● Requirement
Return the records exactly, with nothing added.

[Recorded data]

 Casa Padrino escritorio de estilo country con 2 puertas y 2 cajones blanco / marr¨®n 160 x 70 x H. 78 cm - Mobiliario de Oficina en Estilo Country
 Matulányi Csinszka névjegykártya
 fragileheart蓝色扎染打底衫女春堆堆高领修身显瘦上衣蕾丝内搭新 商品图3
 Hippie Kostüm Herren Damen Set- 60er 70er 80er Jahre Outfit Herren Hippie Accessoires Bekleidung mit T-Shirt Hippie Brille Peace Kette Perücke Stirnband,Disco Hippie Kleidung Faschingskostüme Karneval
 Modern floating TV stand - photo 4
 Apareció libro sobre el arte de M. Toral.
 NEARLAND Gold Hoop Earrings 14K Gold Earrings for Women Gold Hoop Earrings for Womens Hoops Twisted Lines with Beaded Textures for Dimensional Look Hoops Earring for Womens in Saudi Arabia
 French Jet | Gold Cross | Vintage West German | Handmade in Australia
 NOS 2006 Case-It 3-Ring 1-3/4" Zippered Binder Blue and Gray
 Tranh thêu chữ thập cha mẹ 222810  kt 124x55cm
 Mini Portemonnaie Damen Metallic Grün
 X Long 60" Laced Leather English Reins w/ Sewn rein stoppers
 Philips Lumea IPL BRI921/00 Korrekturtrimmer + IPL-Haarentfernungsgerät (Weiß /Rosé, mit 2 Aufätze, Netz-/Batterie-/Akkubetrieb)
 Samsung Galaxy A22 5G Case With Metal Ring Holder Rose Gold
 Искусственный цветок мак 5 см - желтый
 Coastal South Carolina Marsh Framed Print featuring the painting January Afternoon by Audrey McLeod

[/Recorded data]

● Answer to this task
 Casa Padrino escritorio de estilo country con 2 puertas y 2 cajones blanco / marr¨®n 160 x 70 x H. 78 cm - Mobiliario de Oficina en Estilo Country
 Matulányi Csinszka névjegykártya
 fragileheart蓝色扎染打底衫女春堆堆高领修身显瘦上衣蕾丝内搭新 商品图3
 Hippie Kostüm Herren Damen Set- 60er 70er 80er Jahre Outfit Herren Hippie Accessoires Bekleidung mit T-Shirt Hippie Brille Peace Kette Perücke Stirnband,Disco Hippie Kleidung Faschingskostüme Karneval
 Modern floating TV stand - photo 4
 Apareció libro sobre el arte de M. Toral.
 NEARLAND Gold Hoop Earrings 14K Gold Earrings for Women Gold Hoop Earrings for Womens Hoops Twisted Lines with Beaded Textures for Dimensional Look Hoops Earring for Womens in Saudi Arabia
 French Jet | Gold Cross | Vintage West German | Handmade in Australia
 NOS 2006 Case-It 3-Ring 1-3/4" Zippered Binder Blue and Gray
 Tranh thêu chữ thập cha mẹ 222810  kt 124x55cm
 Mini Portemonnaie Damen Metallic Grün
 X Long 60" Laced Leather English Reins w/ Sewn rein stoppers
 Philips Lumea IPL BRI921/00 Korrekturtrimmer + IPL-Haarentfernungsgerät (Weiß /Rosé, mit 2 Aufätze, Netz-/Batterie-/Akkubetrieb)
 Samsung Galaxy A22 5G Case With Metal Ring Holder Rose Gold
 Искусственный цветок мак 5 см - желтый
 Coastal South Carolina Marsh Framed Print featuring the painting January Afternoon by Audrey McLeod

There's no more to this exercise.